• **TASK ITEM**:
Repeat the data below exactly, dropping any pictures it holds.
● ● ● ● ●
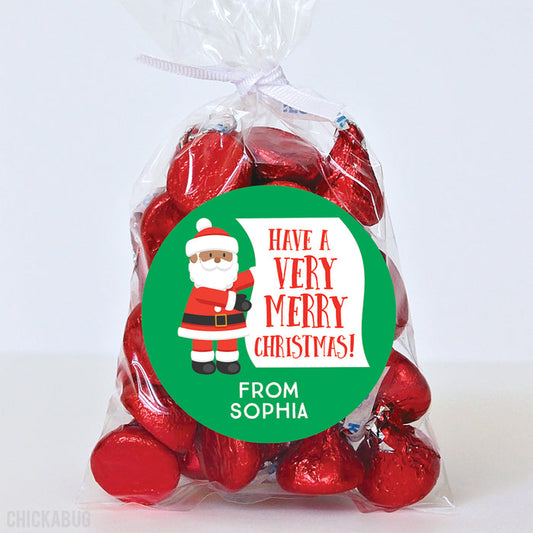 "Have a Very Merry Christmas" African-American Santa Christmas Stickers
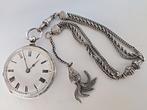 pocket watch in silver - key winding pocket watch - Zonder, Nieuw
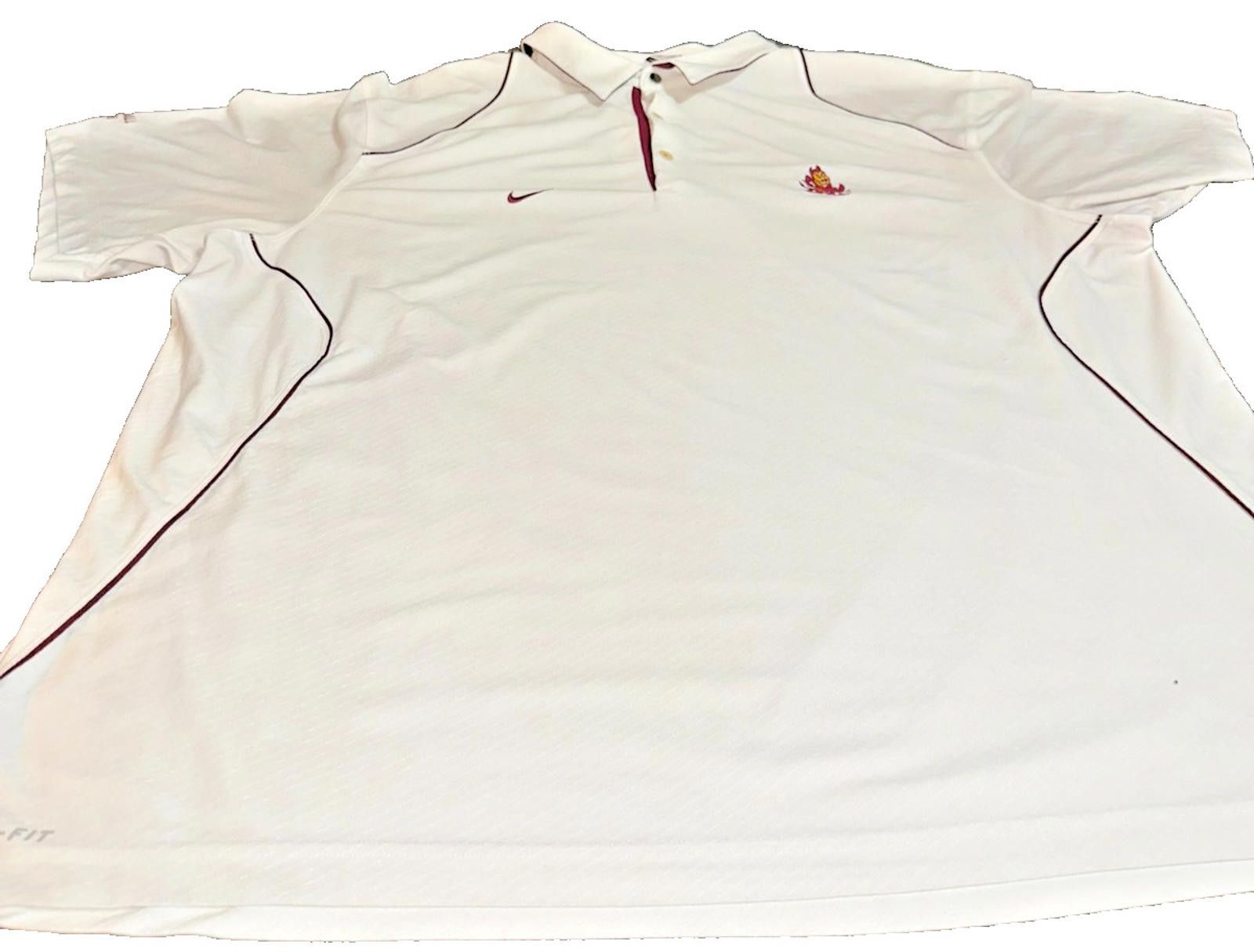 Nike Nike Dri-FIT ASU 2011 Alumni Polo Shirt White/Maroon 2XL Size XXL / US 16-18 / IT 52-54 - 3 Thumbnail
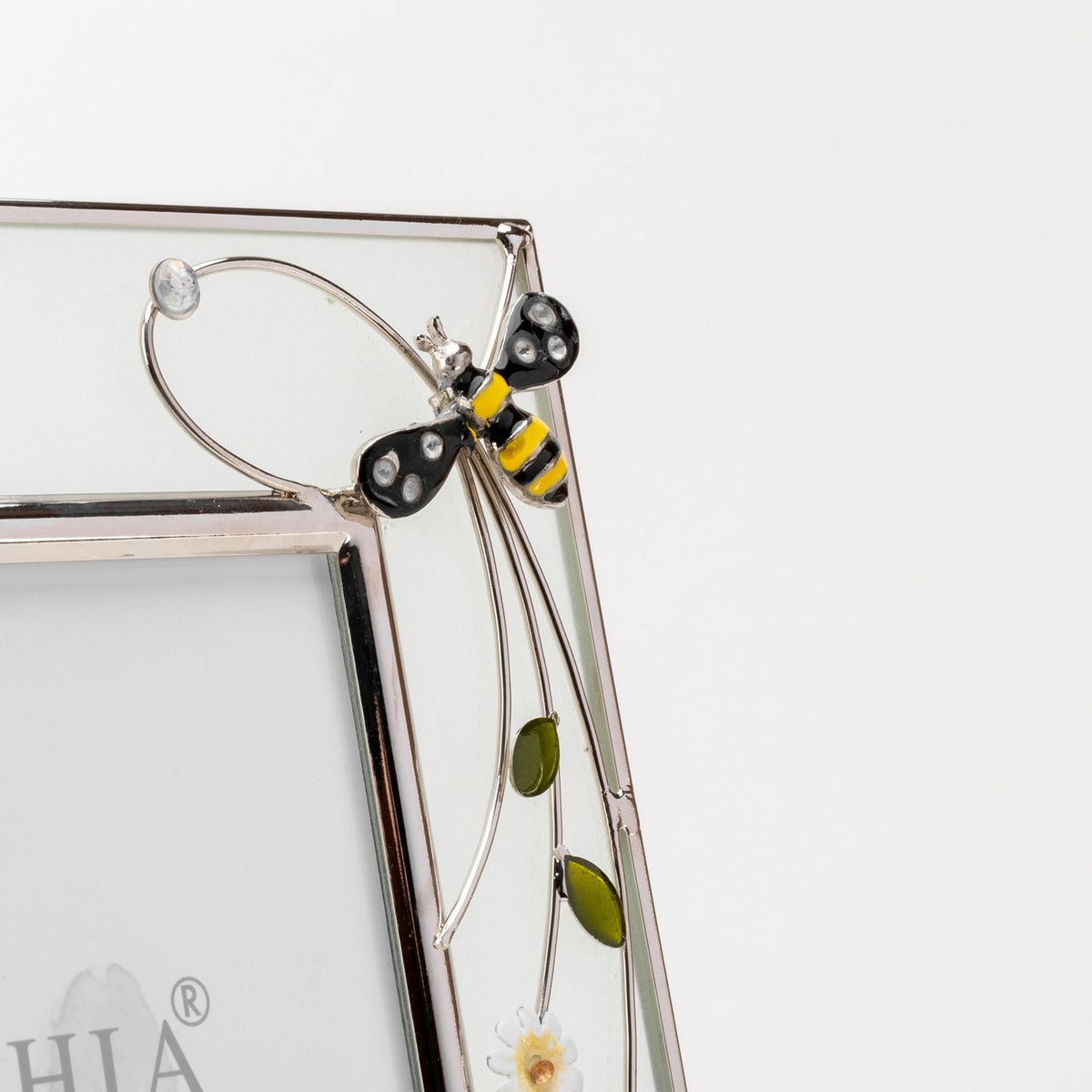 Classic Glass & Wire Bumble Bee Photo Frame 6 x 4in - Silver
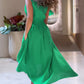 Sleeveless Turn Down Collar Maxi Dress Casual Waist A Line Ruched Dress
● ● ● ● ●
• **ANSWER SECTION**:
 "Have a Very Merry Christmas" African-American Santa Christmas Stickers
 pocket watch in silver - key winding pocket watch - Zonder, Nieuw
 Nike Nike Dri-FIT ASU 2011 Alumni Polo Shirt White/Maroon 2XL Size XXL / US 16-18 / IT 52-54 - 3 Thumbnail
 Classic Glass & Wire Bumble Bee Photo Frame 6 x 4in - Silver
 Sleeveless Turn Down Collar Maxi Dress Casual Waist A Line Ruched Dress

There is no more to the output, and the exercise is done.